### Dataset section

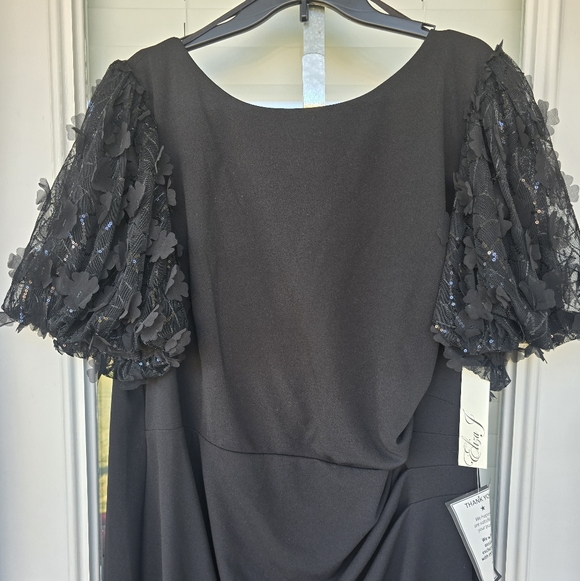 $208 Eliza J Floral-Short-Sleeve Boat-Neck Pleated Gown Sz 20W Plus Black New - Picture 9 of 16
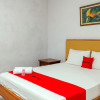 Отель Reddoorz Syariah Near Bandara Yia Kulon Progo, фото 9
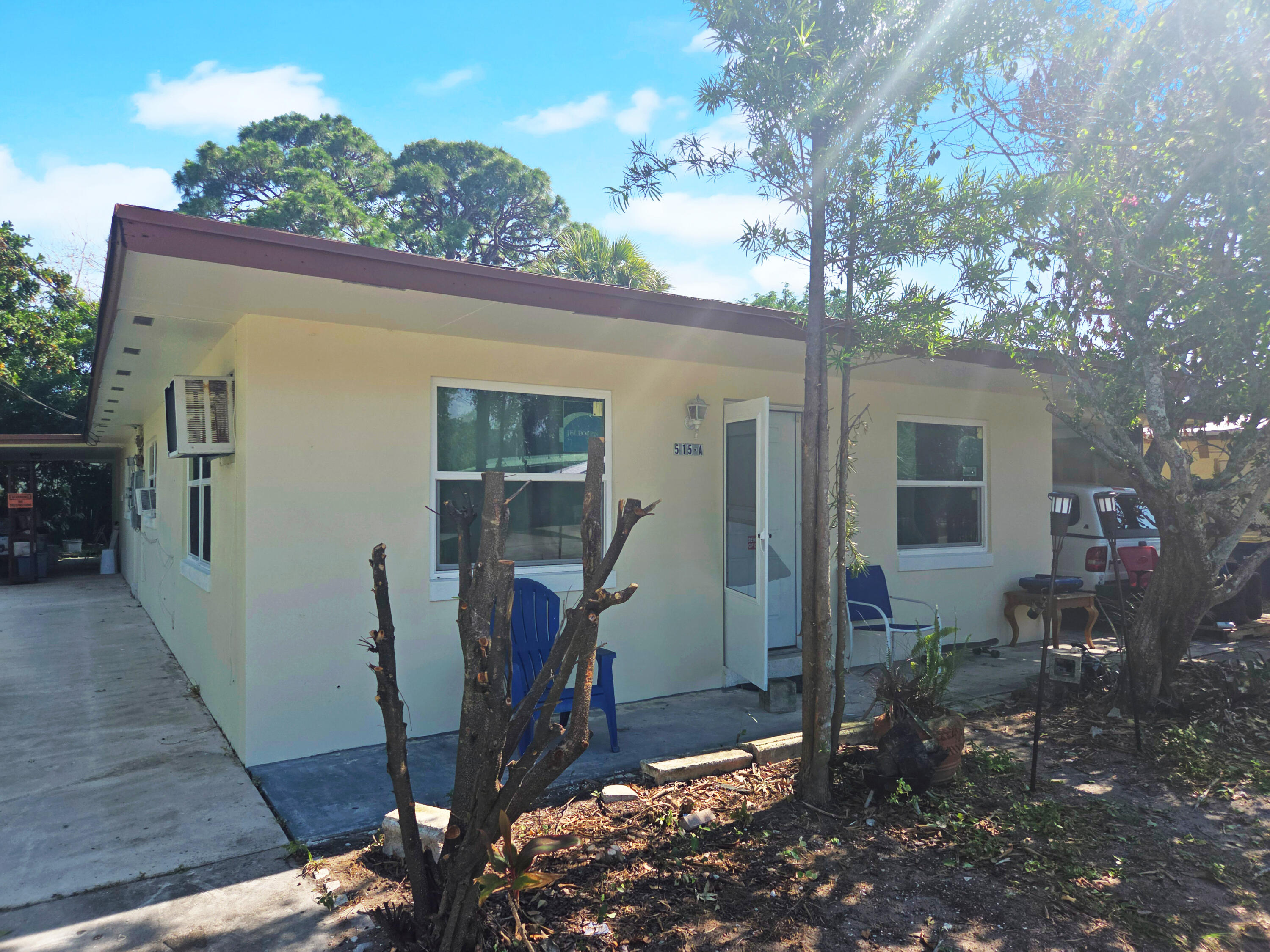 Foto de propiedad en 515 Palm Avenue A&b, Fort Pierce, FL 34982 Fort Pierce con MLS#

######

• Work order
Without the pictures, copy the material exactly as given.

• Written reply
 $208 Eliza J Floral-Short-Sleeve Boat-Neck Pleated Gown Sz 20W Plus Black New - Picture 9 of 16
 Отель Reddoorz Syariah Near Bandara Yia Kulon Progo, фото 9
 Foto de propiedad en 515 Palm Avenue A&b, Fort Pierce, FL 34982 Fort Pierce con MLS#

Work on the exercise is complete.